Performance

Benchmarks

The RAPTOR engine is designed for speed: all GTFS data is held in memory with optimized data structures.

Benchmark across 12 origin/destination pairs covering Ile-de-France (10 rounds, single-threaded):

Benchmark

MetricValue
Min215 ms
Avg371 ms
Median370 ms
p95515 ms
Max531 ms

Running Benchmarks

python3 bin/benchmark.py --rounds 10 --concurrency 1

The benchmark script:

  1. Sends requests to 12 representative origin/destination pairs
  2. Measures response times across multiple rounds
  3. Generates a chart with statistics

Key Optimizations

Binary Search in Trip Lookup

The find_earliest_trip function uses binary search (O(log n)) to find the first trip departing after a given time within a pattern, instead of linear scan.

Pre-Allocated Buffers

Label arrays and working buffers are allocated once and reused across RAPTOR rounds, eliminating per-round allocation overhead.

FxHashMap

Uses rustc-hash's FxHashMap throughout both GtfsData and RaptorData, replacing all standard library HashMap instances. FxHash is significantly faster than the default SipHash for integer and string keys.

Lock-Free Hot-Reload

ArcSwap provides atomic pointer swaps with zero contention. Readers never block, even during a reload. There is no mutex, no RwLock, and no read-side overhead.

Early Termination in Diversity Loop

The RAPTOR diversity loop (which re-runs the algorithm with pattern exclusion to find alternative journeys) now terminates early when a round produces no new journeys, avoiding unnecessary iterations.

Arc<WalkLeg> Cache

Walking leg results from Valhalla are wrapped in Arc<WalkLeg> and cached, avoiding deep cloning of polyline coordinates when the same walk leg is referenced by multiple journeys.

Batch Valhalla Calls

Transfer enrichment requests to Valhalla are dispatched in parallel using futures::join_all, rather than sequentially, significantly reducing latency for journeys with multiple transfers.
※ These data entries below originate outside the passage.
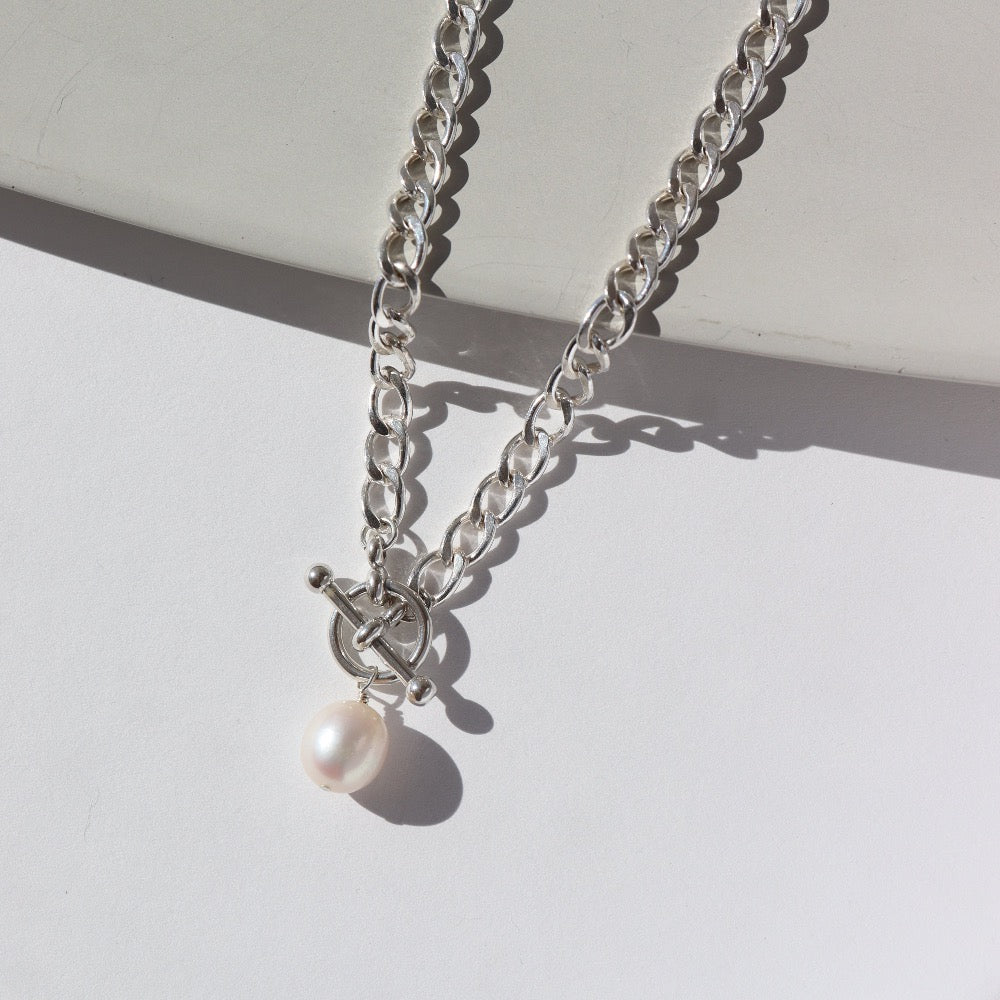 925 sterling silver chain with a toggle clasp and large pearl, photographed on a sunlit tabletop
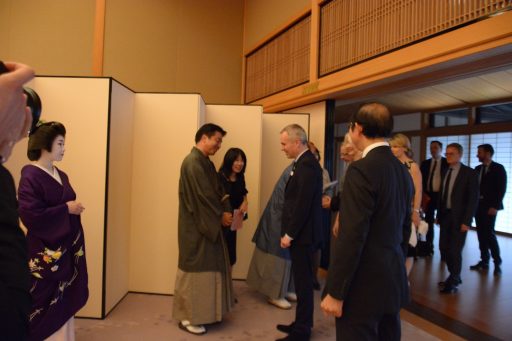 藤の間の入り口の屏風の前で、国民議会議長一行が一列に並んだ京都市長、京都市会議長や芸妓さんから挨拶を受ける様子の写真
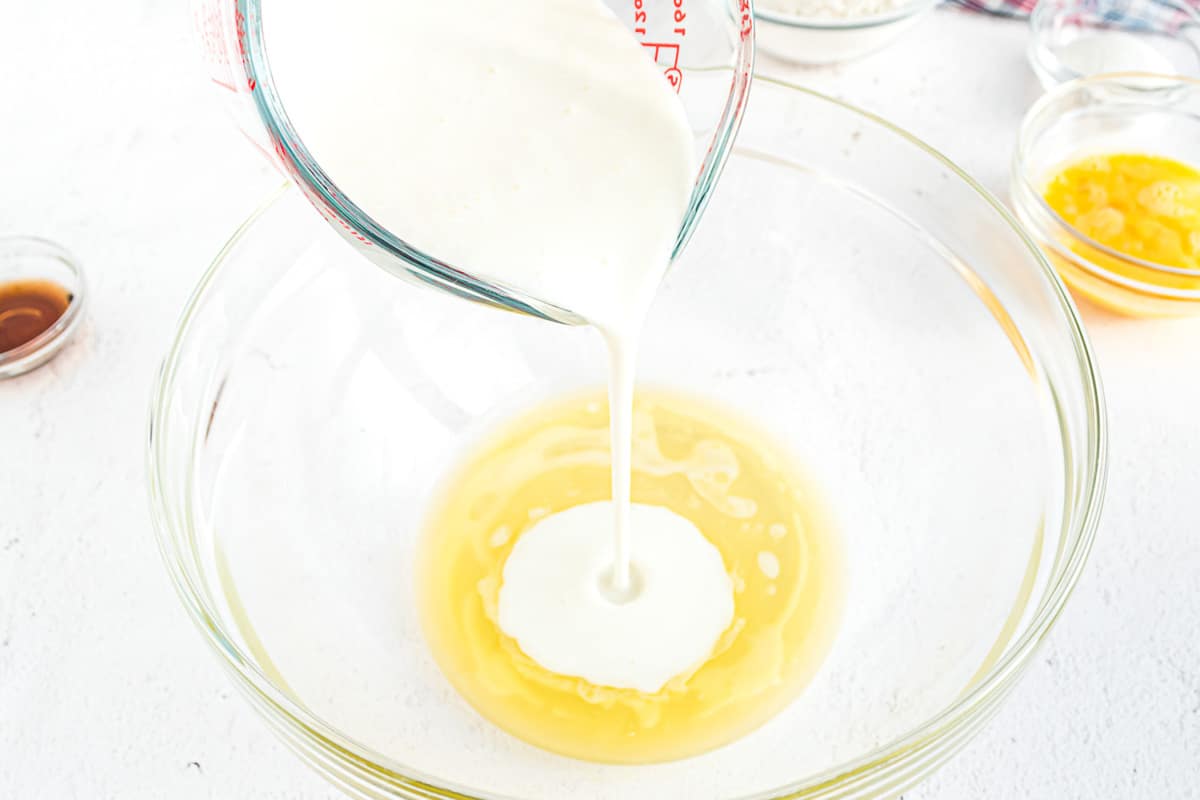 Suero de leche siendo vertido en mantequilla en un tazón claro.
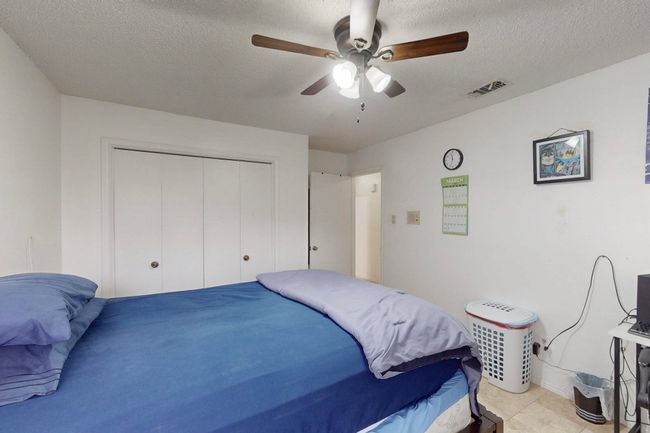 Bedroom with a ceiling fan, visible vents, a closet, and a textured ceiling | Image 24
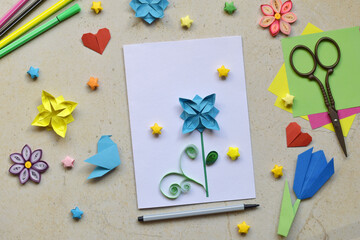 Crafting Handmade Greeting Card Featuring Origami, Quilling. Creative DIY Craft Workspace with...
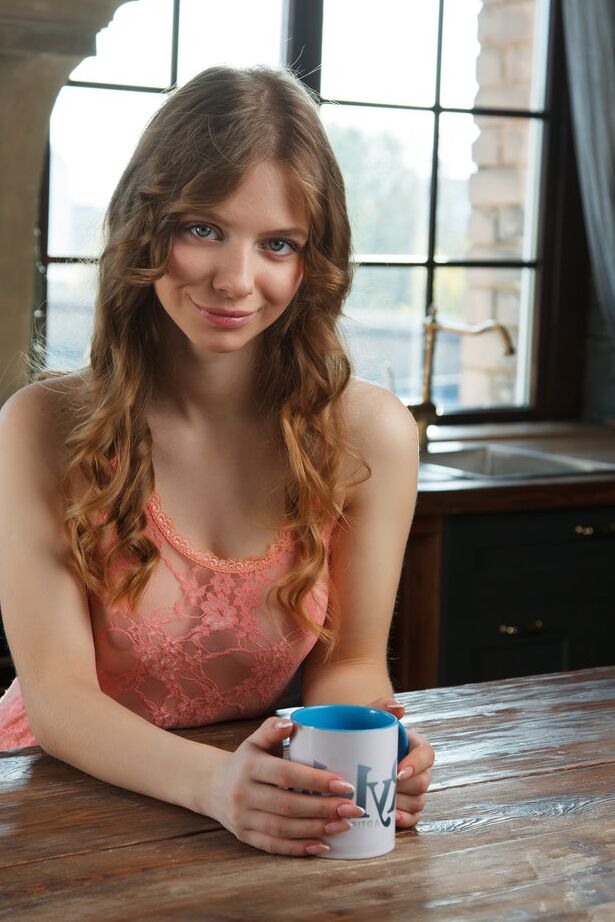 16P A linda jovem Siya fica nua na mesa da cozinha tomando uma xícara de café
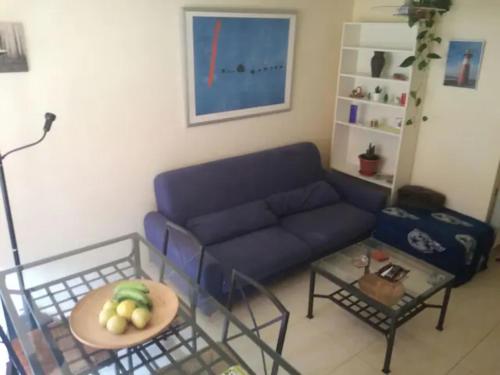 a living room with a blue couch and a table at La Casita de la Playa in Suances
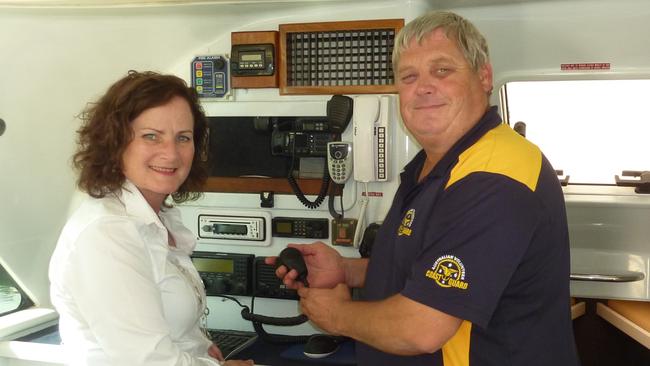 Manly Coast Guard Commander Steve Fleming shows Joan Pease some of the communications gear aboard CG-29.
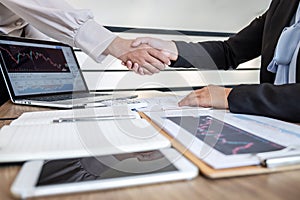 Business woman shaking hands after conversation, Finishing up a collaboration discussing of partner cooperation in investment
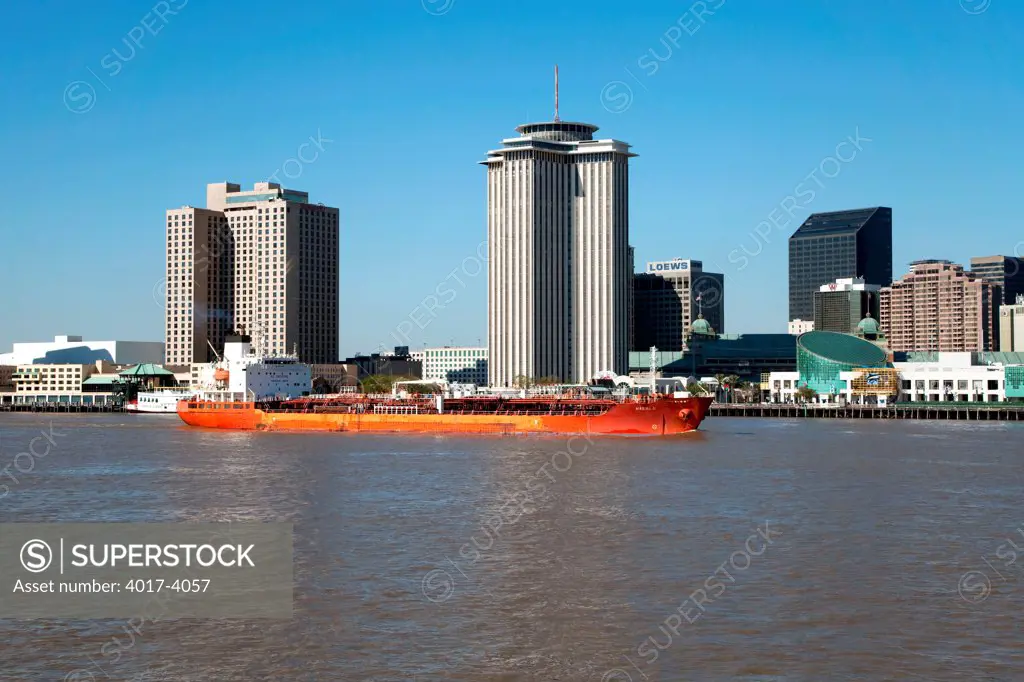 A barge passing through the ports of New Orleans on the Mississippi River with the skyline in the background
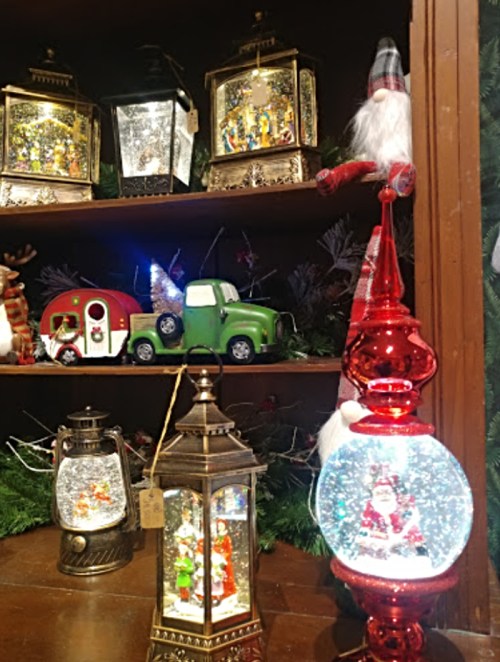 A festive display of decorative lanterns and snow globes featuring Santa, a green truck, and holiday scenes.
Pareto-Optimal Exploitation

All Pareto-optimal journeys from a single RAPTOR run are collected before the algorithm is re-run with pattern exclusion. This avoids redundant computation.

Cache Persistence

The RAPTOR index is serialized to disk with a fingerprint derived from the GTFS data. On restart, if the fingerprint matches, the cached index is loaded in sub-second time instead of rebuilding (10-30 seconds).

Pattern Grouping

Trips with identical stop sequences share a single pattern. For a typical Ile-de-France dataset, this reduces the number of entities the algorithm scans by an order of magnitude.

Memory Usage

All GTFS data is held in memory. For the Ile-de-France dataset:

DataApproximate Size
Stops~48,000 entries
Trips~320,000 entries
Stop times~8,500,000 entries
Patterns~15,000 groups
Total RAM~500 MB